> _Provided data_:

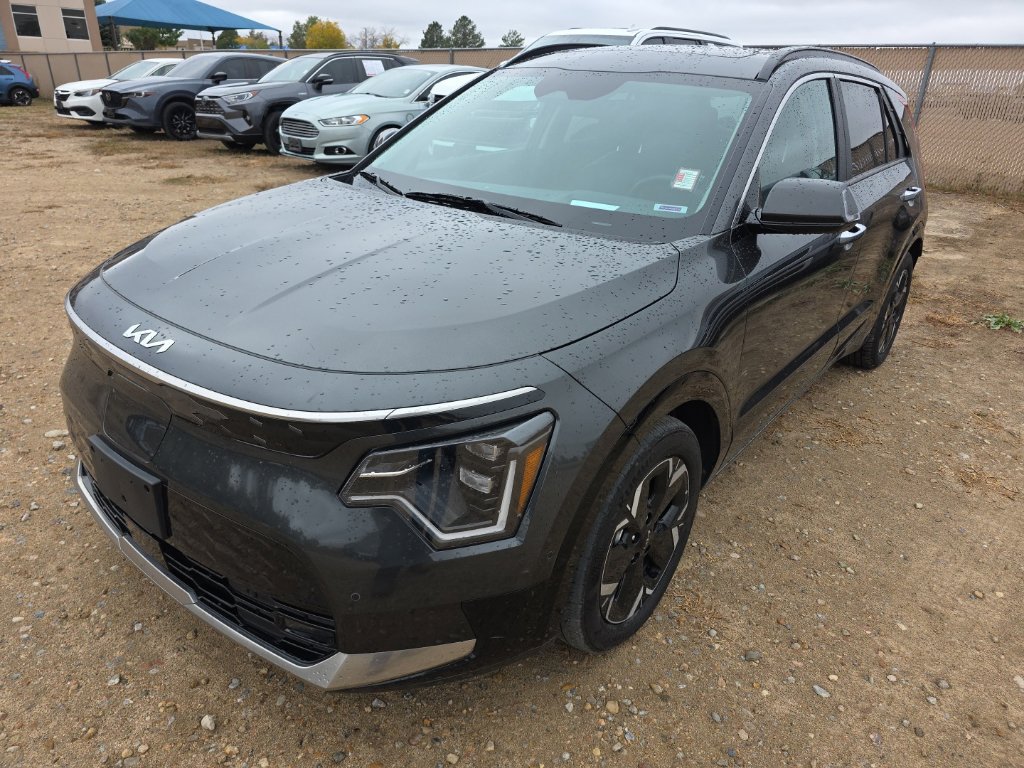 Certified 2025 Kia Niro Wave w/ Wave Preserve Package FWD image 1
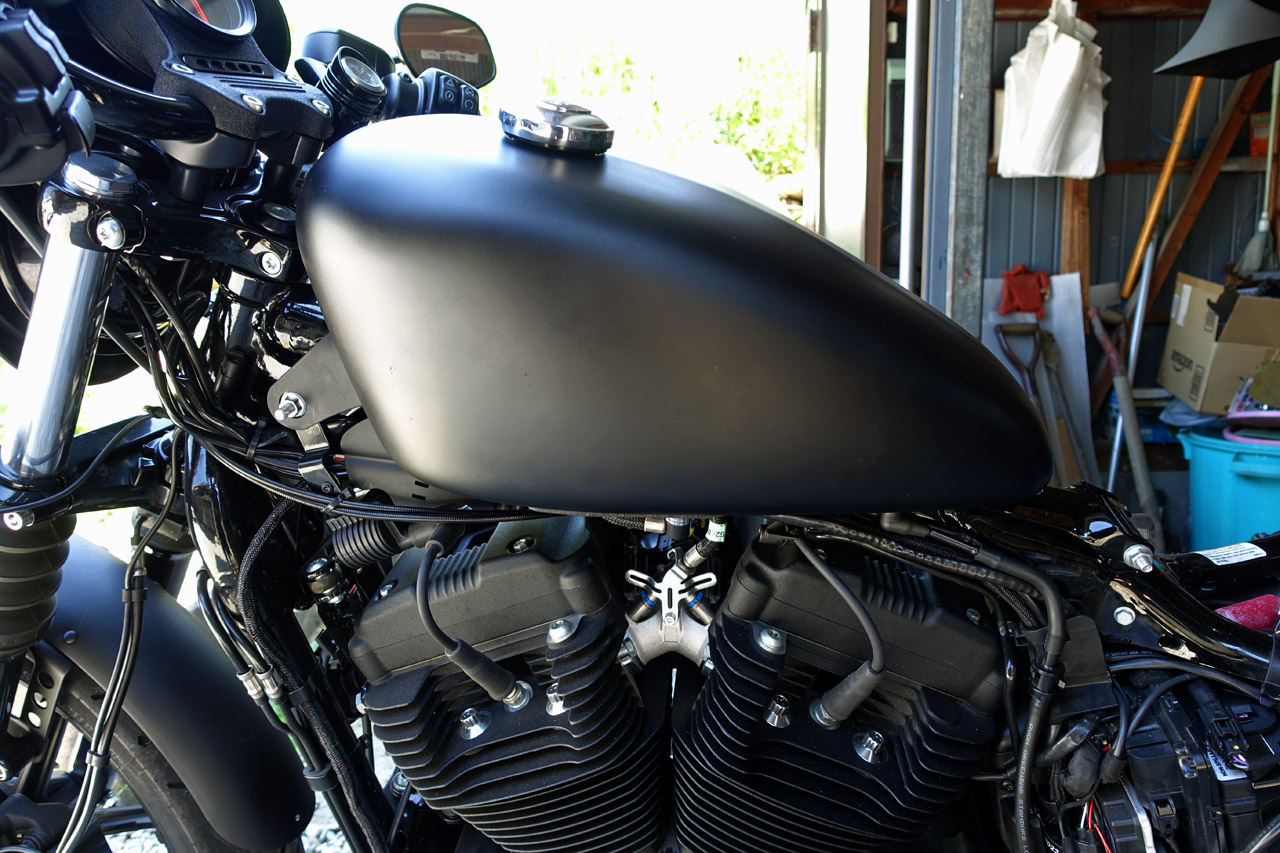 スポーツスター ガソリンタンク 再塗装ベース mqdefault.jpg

---

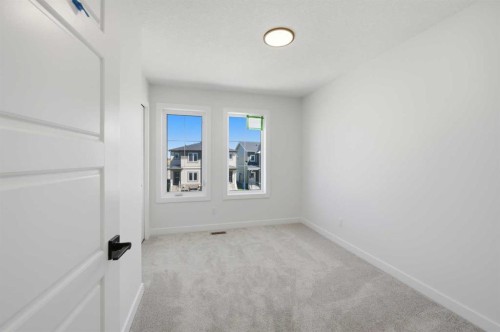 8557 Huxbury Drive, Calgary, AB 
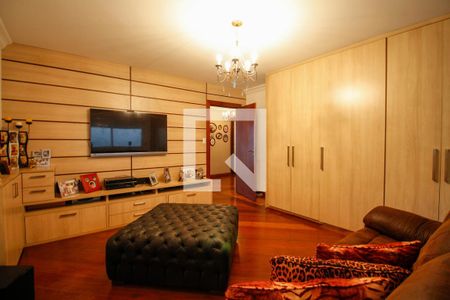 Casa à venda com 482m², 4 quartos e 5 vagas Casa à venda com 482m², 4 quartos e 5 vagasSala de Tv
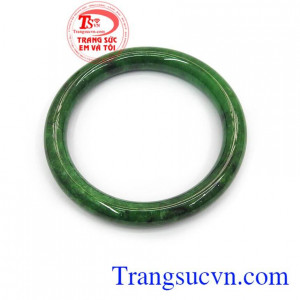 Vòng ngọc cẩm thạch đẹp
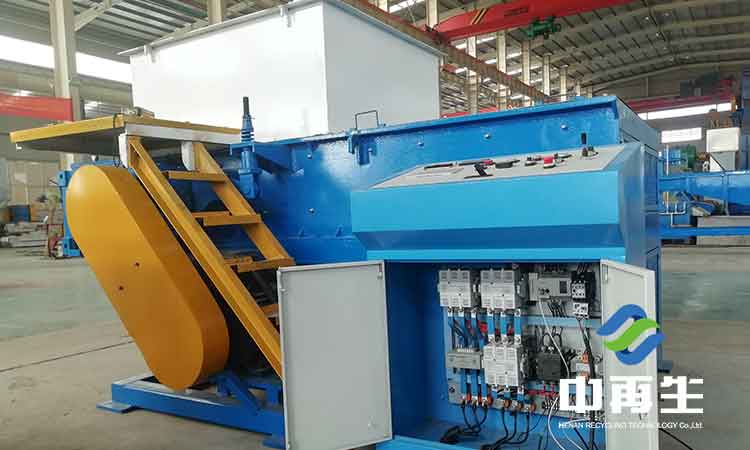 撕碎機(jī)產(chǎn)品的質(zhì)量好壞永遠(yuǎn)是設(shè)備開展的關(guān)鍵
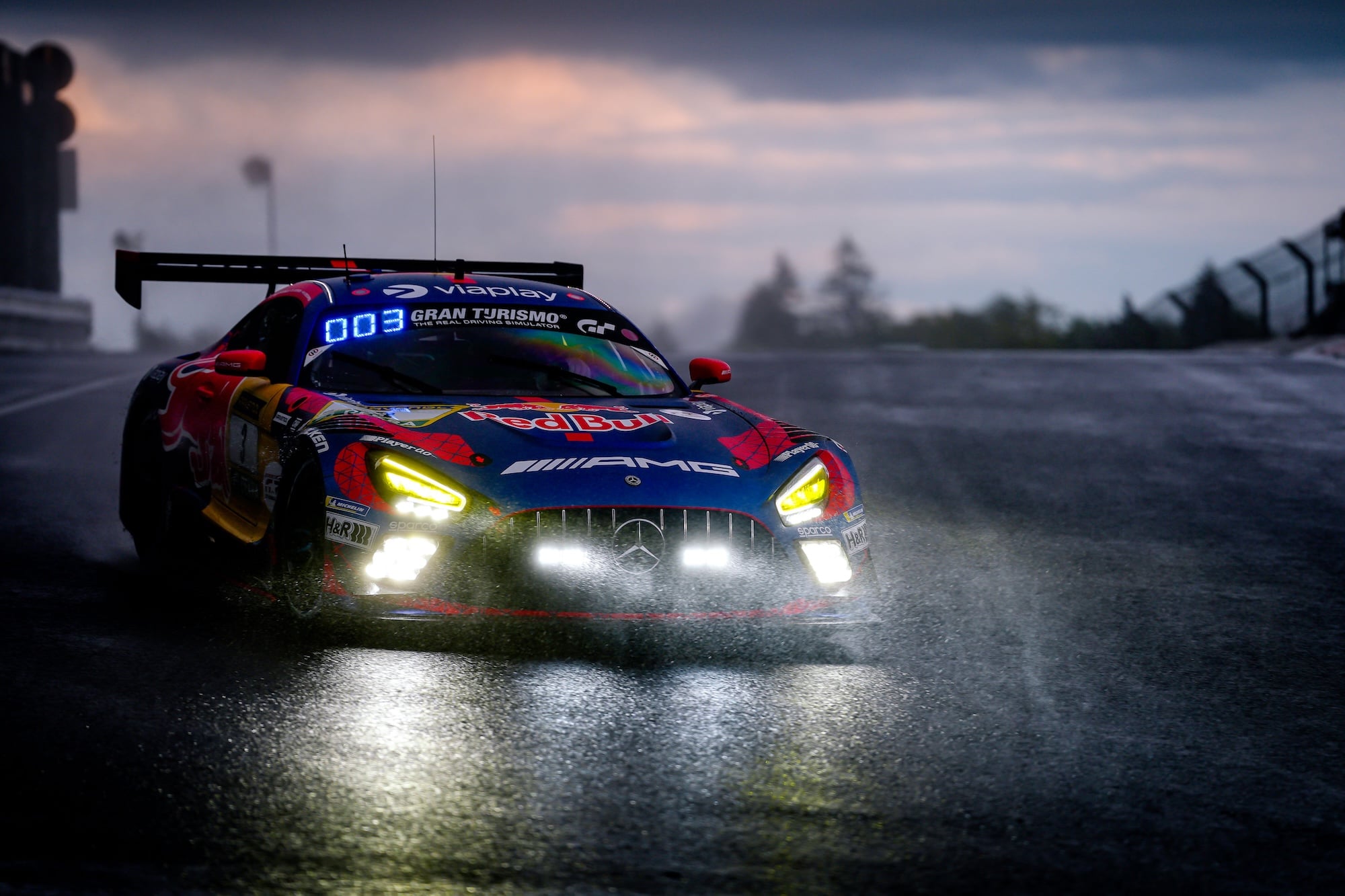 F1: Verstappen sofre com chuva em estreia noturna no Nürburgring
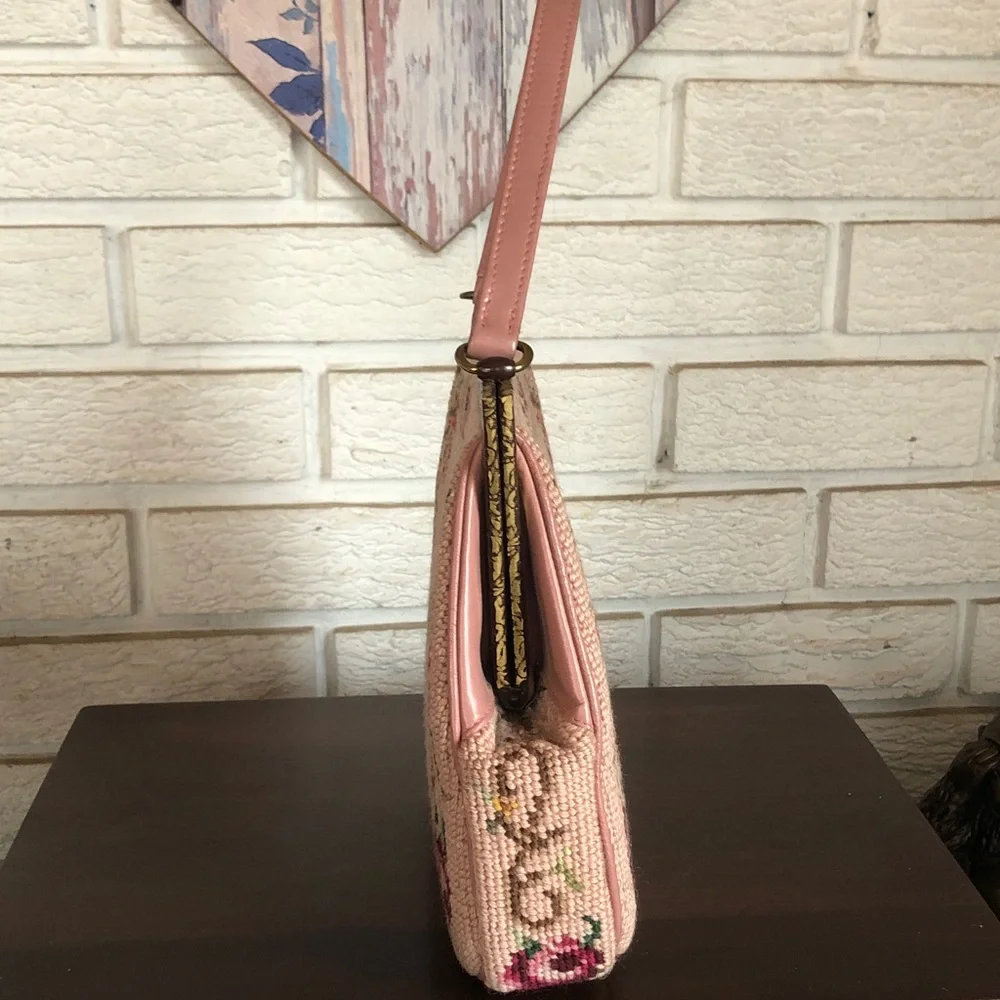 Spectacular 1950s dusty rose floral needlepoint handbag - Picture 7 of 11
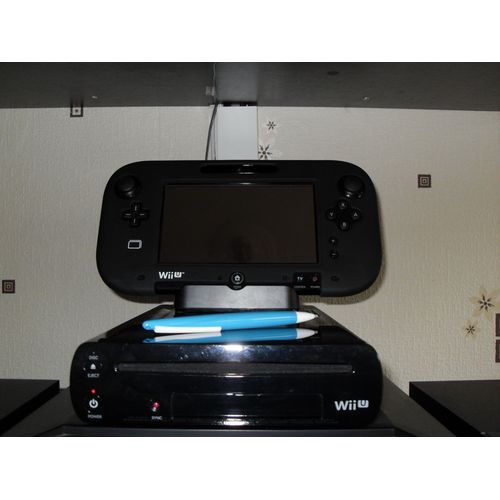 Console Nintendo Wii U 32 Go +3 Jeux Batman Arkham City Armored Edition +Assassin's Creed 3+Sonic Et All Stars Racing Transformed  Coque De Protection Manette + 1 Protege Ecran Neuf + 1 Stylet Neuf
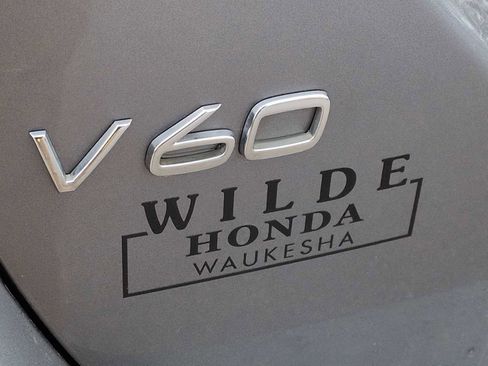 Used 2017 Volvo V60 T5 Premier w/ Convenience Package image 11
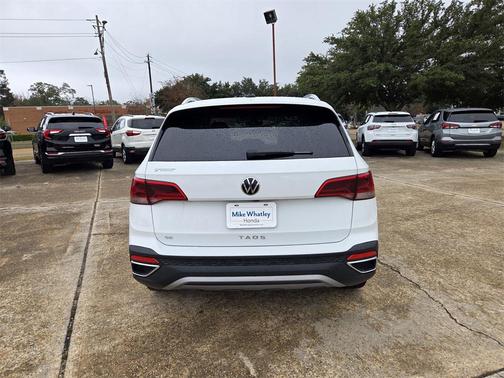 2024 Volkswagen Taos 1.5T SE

> _What needs to be done_: Given the records above, return the lines starting at the one that holds "Spectacular 1950s dusty" and ending at the one that holds "2024 Volkswagen Taos 1.5T SE", exactly, and nothing besides; leave every picture out.

> _Solution to this task_:
 Spectacular 1950s dusty rose floral needlepoint handbag - Picture 7 of 11
 Console Nintendo Wii U 32 Go +3 Jeux Batman Arkham City Armored Edition +Assassin's Creed 3+Sonic Et All Stars Racing Transformed  Coque De Protection Manette + 1 Protege Ecran Neuf + 1 Stylet Neuf
 Used 2017 Volvo V60 T5 Premier w/ Convenience Package image 11
 2024 Volkswagen Taos 1.5T SE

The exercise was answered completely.